> _EXCERPTED DATA_:

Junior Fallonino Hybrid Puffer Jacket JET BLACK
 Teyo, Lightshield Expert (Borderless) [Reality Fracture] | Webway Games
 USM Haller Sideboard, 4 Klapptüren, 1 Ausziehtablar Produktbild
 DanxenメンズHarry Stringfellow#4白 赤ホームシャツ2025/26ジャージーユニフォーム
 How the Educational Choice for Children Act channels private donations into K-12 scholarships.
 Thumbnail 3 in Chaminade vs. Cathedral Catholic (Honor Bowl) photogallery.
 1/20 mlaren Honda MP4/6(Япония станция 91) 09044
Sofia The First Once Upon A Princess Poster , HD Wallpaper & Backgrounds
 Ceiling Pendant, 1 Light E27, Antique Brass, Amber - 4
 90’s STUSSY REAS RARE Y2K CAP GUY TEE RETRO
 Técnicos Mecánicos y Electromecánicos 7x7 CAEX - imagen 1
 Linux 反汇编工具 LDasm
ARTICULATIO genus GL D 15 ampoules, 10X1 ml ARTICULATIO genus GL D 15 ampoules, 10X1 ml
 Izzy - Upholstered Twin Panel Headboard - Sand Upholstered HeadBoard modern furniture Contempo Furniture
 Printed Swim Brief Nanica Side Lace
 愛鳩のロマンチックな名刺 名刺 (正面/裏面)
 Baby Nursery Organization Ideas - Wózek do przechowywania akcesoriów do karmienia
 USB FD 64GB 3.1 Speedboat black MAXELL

> _WHAT YOU ARE ASKED TO DO_: An exact copy of the lines from the one containing "Ceiling Pendant, 1" through the last line of the material, both included, is to be printed, and nothing else.

> _OUTPUT OF THE TASK_:
 Ceiling Pendant, 1 Light E27, Antique Brass, Amber - 4
 90’s STUSSY REAS RARE Y2K CAP GUY TEE RETRO
 Técnicos Mecánicos y Electromecánicos 7x7 CAEX - imagen 1
 Linux 反汇编工具 LDasm
ARTICULATIO genus GL D 15 ampoules, 10X1 ml ARTICULATIO genus GL D 15 ampoules, 10X1 ml
 Izzy - Upholstered Twin Panel Headboard - Sand Upholstered HeadBoard modern furniture Contempo Furniture
 Printed Swim Brief Nanica Side Lace
 愛鳩のロマンチックな名刺 名刺 (正面/裏面)
 Baby Nursery Organization Ideas - Wózek do przechowywania akcesoriów do karmienia
 USB FD 64GB 3.1 Speedboat black MAXELL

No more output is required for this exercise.